* _What the exercise asks_
Take the entries below and reproduce exactly the portion that begins at the line containing "There is no" and ends at the line containing "For example, in", keeping both ends, dropping pictures, and adding nothing else.

* _Given records_
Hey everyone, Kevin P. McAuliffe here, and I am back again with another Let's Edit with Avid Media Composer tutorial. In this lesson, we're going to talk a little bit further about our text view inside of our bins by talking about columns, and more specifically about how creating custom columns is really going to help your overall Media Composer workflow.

* * *

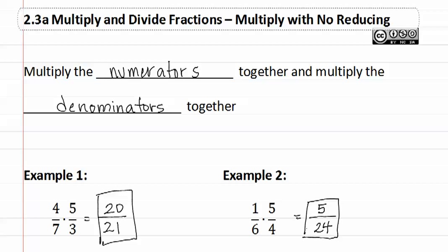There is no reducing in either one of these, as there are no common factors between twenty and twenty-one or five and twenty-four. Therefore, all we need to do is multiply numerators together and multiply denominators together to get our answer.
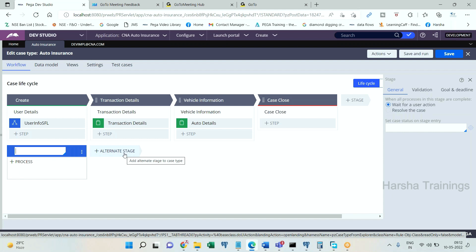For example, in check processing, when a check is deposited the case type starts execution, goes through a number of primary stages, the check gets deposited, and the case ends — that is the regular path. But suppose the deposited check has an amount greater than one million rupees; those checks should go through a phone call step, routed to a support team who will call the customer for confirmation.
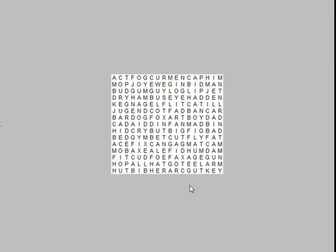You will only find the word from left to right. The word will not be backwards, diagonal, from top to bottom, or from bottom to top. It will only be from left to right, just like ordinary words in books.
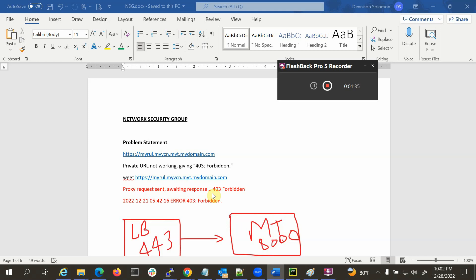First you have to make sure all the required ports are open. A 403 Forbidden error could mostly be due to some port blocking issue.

==

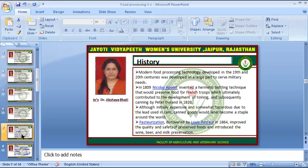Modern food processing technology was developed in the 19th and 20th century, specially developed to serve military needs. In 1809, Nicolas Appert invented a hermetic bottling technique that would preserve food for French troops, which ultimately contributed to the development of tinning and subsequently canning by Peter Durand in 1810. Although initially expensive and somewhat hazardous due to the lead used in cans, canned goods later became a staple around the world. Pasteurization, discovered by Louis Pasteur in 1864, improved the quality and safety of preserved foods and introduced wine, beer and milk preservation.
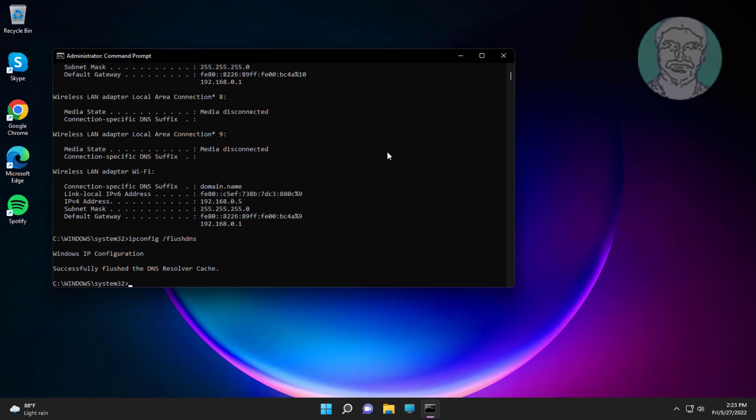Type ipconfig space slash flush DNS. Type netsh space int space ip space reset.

* _Task output_
There is no reducing in either one of these, as there are no common factors between twenty and twenty-one or five and twenty-four. Therefore, all we need to do is multiply numerators together and multiply denominators together to get our answer.
For example, in check processing, when a check is deposited the case type starts execution, goes through a number of primary stages, the check gets deposited, and the case ends — that is the regular path. But suppose the deposited check has an amount greater than one million rupees; those checks should go through a phone call step, routed to a support team who will call the customer for confirmation.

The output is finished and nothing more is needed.